Das vorrangige Ziel dieser Masterarbeit ist es, auf qualitativem Weg mit Hilfe von Leitfadeninterviews zu erarbeiten, wie fremd untergebrachte Menschen diese Maßnahme aus der Retrospektive, also im Nachhinein, beurteilen. Es soll herausgefunden werden, wie diese Art der Erziehungshilfe von Betroffenen bewertet wird, ob die Maßnahme als Hilfe erlebt wurde oder überaus negativ betrachtet wird. Dabei liegt der Schwerpunkt allerdings nicht auf den gemachten Erfahrungen in diversen Einrichtungen oder Pflegefamilien. Hauptsächlich soll erörtert werden, wie damals Minderjährige den Prozess der Fremdunterbringung, das Handeln der Jugendwohlfahrt sowie Veränderungen in positiver beziehungsweise negativer Hinsicht bezüglich der Herkunftsfamilie und ihrem eigenen Leben erfuhren und welche Auswirkungen die Fremdunterbringung ihrer Ansicht nach auf ihr jetziges Leben hat.

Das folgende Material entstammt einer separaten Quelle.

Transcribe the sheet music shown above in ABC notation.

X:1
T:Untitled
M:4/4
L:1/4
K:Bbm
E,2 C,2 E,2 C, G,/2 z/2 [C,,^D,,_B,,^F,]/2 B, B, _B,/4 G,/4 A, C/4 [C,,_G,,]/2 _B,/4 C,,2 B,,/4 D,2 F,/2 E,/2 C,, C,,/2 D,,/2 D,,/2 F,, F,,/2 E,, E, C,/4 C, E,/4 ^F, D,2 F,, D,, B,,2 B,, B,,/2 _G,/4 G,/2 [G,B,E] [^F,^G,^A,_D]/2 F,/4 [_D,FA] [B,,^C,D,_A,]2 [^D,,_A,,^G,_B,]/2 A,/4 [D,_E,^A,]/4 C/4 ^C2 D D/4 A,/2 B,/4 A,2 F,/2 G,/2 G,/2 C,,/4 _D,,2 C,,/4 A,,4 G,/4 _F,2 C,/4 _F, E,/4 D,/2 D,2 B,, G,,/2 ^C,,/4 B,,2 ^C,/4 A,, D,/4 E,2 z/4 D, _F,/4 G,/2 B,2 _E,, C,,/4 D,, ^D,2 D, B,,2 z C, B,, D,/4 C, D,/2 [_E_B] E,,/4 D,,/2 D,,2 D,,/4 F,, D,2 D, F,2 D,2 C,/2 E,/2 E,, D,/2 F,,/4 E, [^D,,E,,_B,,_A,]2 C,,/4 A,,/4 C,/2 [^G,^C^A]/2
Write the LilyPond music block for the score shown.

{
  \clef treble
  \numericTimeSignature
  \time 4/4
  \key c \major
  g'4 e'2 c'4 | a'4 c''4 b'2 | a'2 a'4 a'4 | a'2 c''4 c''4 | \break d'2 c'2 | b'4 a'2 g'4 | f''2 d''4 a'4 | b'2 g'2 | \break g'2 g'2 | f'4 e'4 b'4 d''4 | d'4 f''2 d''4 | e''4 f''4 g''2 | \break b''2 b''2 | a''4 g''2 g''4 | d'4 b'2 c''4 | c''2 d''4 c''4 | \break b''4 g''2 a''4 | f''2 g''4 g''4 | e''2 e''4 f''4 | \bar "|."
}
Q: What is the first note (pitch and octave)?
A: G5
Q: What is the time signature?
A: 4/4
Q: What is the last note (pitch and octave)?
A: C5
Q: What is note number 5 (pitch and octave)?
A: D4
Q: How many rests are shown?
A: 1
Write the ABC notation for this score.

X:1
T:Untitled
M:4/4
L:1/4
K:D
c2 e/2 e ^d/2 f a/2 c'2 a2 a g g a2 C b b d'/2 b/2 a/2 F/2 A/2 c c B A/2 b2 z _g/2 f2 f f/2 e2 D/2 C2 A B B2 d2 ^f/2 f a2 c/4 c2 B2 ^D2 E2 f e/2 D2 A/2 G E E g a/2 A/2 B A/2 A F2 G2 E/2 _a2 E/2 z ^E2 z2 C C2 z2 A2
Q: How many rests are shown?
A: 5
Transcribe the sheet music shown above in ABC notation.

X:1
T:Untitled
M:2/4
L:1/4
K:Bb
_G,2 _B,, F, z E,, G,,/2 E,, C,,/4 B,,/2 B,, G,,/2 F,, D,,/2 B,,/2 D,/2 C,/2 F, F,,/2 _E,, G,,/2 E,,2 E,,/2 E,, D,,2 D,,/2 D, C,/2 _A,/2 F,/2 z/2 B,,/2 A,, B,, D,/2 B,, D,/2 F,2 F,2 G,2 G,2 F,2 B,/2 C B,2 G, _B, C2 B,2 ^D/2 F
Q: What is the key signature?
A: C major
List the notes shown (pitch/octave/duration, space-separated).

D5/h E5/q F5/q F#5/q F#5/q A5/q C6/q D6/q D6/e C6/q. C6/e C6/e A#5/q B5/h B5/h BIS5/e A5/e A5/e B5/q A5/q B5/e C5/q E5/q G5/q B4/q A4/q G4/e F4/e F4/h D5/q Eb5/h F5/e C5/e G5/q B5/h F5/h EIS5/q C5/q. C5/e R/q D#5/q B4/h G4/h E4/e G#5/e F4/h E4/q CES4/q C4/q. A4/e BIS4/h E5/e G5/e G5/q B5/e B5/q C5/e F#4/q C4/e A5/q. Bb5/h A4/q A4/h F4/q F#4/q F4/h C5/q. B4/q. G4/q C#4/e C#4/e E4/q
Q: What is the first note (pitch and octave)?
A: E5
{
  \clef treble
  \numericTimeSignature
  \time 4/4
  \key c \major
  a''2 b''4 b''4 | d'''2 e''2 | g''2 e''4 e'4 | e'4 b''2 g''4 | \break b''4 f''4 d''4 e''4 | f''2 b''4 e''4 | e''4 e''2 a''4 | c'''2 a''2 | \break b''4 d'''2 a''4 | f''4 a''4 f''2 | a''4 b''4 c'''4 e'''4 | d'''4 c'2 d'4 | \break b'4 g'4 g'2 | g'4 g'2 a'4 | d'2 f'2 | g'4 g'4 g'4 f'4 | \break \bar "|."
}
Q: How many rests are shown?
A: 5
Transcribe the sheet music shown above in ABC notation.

Um die Sichtweisen der Betroffenen und vor allem um die persönlich erlebten Auswirkungen der Trennung von der Familie besser nachvollziehen zu können, soll diese Masterarbeit im Vorfeld Einblick in die Bindungstheorie geben. Dafür ist eine theoretische Aufarbeitung dieses Themas notwendig. Es soll jedoch nicht erörtert werden, welchen spezifischen Bindungsstil die fremd untergebrachten Personen im Laufe ihres Lebens entwickeln konnten.